$25
Overview
For this assignment, you're going to read lines of text from stdin, break them into phrases, store them in an array, and record how many times each phrase occurs in the input. Upon reaching the end of the input (signaled by the user hitting CTRL-D alone on a line), your program should print out a list of all phrases it found, along with the number of times each phrase occurred. The list should be sorted in increasing order of length, i.e., print the shortest phrases first, the longest ones last (the order of phrases that are the same length does not matter).
Details
• convert everything to uppercase: Hello hello and HELLO are all treated the same;
• convert newlines and other whitespace (TAB, etc.) into spaces (so a phrase split on 2 lines doesn't get broken by a newline) Use the isspace() function to detect whitespace
• ignore the following characters: ( ) ' " -
• a phrase:
• begins with any non-space character other than , . ; : ? !
• is a collection of consecutive letters, characters and spaces, excluding , . ; : ? !
• ends with any of the following characters , . ; : ? !
For your final output, print the occurrence count first, as a 5-digit integer with leading 0's included; followed by the phrase enclosed in <angle brackets>
So here's an example of some pseudocode:
1. read* from stdin until you find the beginning of a phrase
2. read* from stdin until you find the end of a phrase, storing each character in a temporary string
3. if you've never seen this phrase before, save it, and record 1 for the # of occurrences if you've already saved this phrase, increment the occurrence counter
4. Repeat steps 1-3 until you hit EOF
5. sort the array of saved phrases by length
6. print the sorted array of phrases, along with the occurrence count.

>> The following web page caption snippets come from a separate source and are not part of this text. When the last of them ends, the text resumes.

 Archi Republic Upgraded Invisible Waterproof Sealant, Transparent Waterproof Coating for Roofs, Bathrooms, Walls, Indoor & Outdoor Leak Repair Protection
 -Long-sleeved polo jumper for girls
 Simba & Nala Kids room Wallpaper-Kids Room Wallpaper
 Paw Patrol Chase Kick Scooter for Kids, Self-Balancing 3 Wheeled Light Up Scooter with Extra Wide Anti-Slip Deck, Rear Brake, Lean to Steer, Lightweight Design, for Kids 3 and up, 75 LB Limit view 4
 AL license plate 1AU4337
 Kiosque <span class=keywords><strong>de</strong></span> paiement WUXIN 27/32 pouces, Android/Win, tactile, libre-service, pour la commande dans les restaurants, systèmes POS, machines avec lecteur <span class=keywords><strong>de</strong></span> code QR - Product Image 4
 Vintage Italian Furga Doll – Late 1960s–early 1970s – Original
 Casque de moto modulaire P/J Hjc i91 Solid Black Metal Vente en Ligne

*you may want to code your own getchar() function, to handle the following:
• ignore ( ) ' " -
• convert all whitespace to a space (' ')

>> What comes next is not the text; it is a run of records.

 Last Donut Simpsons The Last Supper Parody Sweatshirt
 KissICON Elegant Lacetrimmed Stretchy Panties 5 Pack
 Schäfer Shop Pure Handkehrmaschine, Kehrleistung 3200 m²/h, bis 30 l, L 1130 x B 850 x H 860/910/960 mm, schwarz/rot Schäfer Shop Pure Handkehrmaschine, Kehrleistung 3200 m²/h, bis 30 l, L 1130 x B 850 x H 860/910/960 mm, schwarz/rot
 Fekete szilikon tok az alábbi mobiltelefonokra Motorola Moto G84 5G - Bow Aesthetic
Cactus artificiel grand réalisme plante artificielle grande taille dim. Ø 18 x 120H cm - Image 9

• convert letters to uppercase
You shpuld assume:
• each phrase is 200 or fewer characters (if a phrase is longer, ignore the remainder of the phrase);
• there is a maximum of 1,000 phrases (if you encounter more phrases, just ignore them...but keep tallying the first 1,000 phrases)

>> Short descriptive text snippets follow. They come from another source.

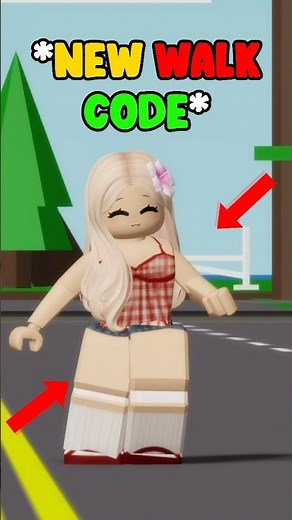 New *WALK CODE* in Brookhaven Roblox #roblox #brookhaven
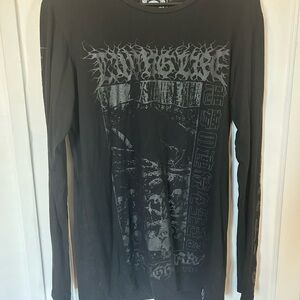 Killstar Black Long Sleeve Graphic Tee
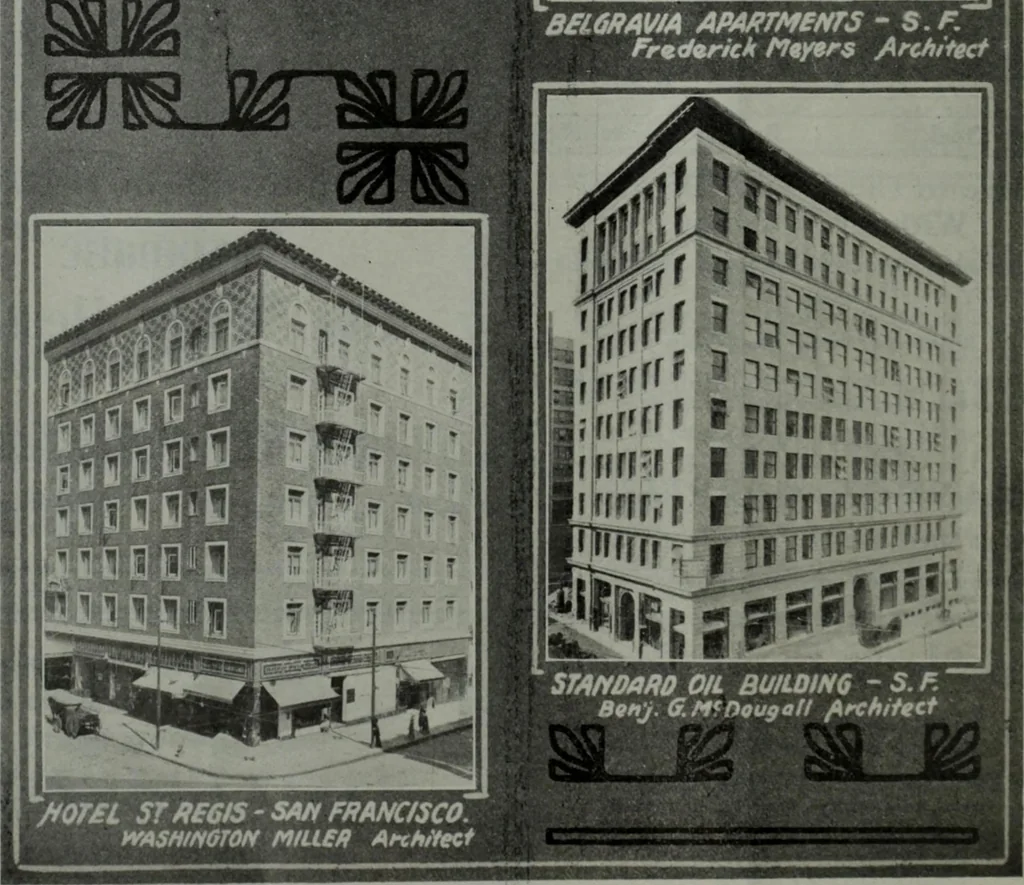 An illustration from Building & engineering news, 1914, leaf 1073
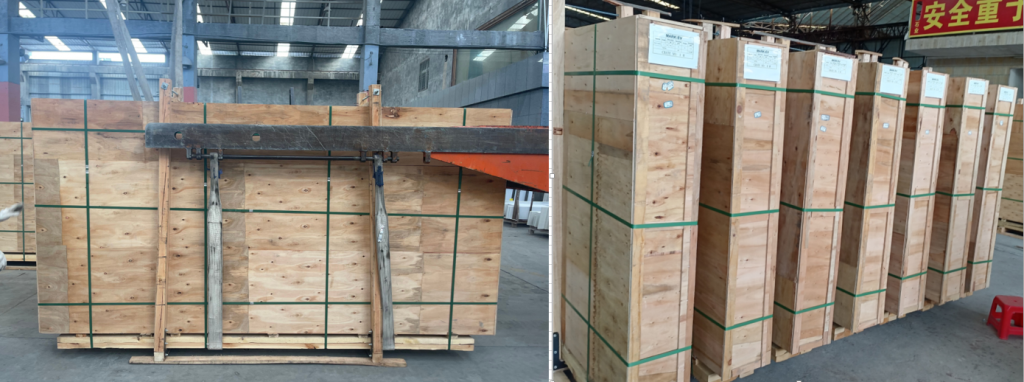 Quartz wooden packing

You should use statically-defined arrays, i.e., declare a char dictionary[1000][201] and int count[1000], where dictionary[i] stores the ith phrase and count[i] stores that phrase's tally. Alternatively, you are free to use structures to simplify your coding :)
All code must be your own, other than routines from stdio.h, string.h, ctype.h and stdlib.h Do not use any pre-built sorting or hash functions.
Here's a sample input file:
Hello, hahaha: this is a sample file. It contains a number of lines, with different punctuations and spacings.
We can analyze this file, breaking the input into phrases, and tallying them.
But be careful: there are a lot of details to worry about!
So, this is a test file.
Also, this is a sample file. So, it is both! Hahaha.
and here is what it should output:
00002 <SO>
00001 <ALSO>
00001 <HELLO>
00002 <HAHAHA>
00001 <IT IS BOTH>
00001 <BUT BE CAREFUL>
00001 <AND TALLYING THEM>
00001 <THIS IS A TEST FILE>
00002 <THIS IS A SAMPLE FILE>
00001 <WE CAN ANALYZE THIS FILE>
00001 <IT CONTAINS A NUMBER OF LINES>
00001 <BREAKING THE INPUT INTO PHRASES>
00001 <WITH DIFFERENT PUNCTUATIONS AND SPACINGS>
00001 <THERE ARE A LOT OF DETAILS TO WORRY ABOUT>
I strongly recommend experimenting with different input files!
Suggestions
This assignment is an excellent opportunity on which to practice modular coding, and a top-down design methodology. Think carefully about your overall algorithm; break it into a few steps and code your main loop accordingly. Then begin coding the functions to implement each of those steps. Work in pieces, developing, testing and debugging each piece as you go. Some of the pieces you may need include:
• a way to read stdin and pre-process the characters;
• a way to detect the beginning of a phrase;
• a way to detect the end of a phrase;
• a way to store a phrase into a dictionary (either as a new entry or an additional tally on a phrase you've already seen);
• a way to sort your dictionary; • a way to print your dictionary.
• Document everything (lots of comments!).
• Be careful to handle long phrases, as well as input containing more than 1000 phrases.
• Sample executable is available at /tmp/index-sample.
• /tmp/WarandPeace.txt is a good large testfile!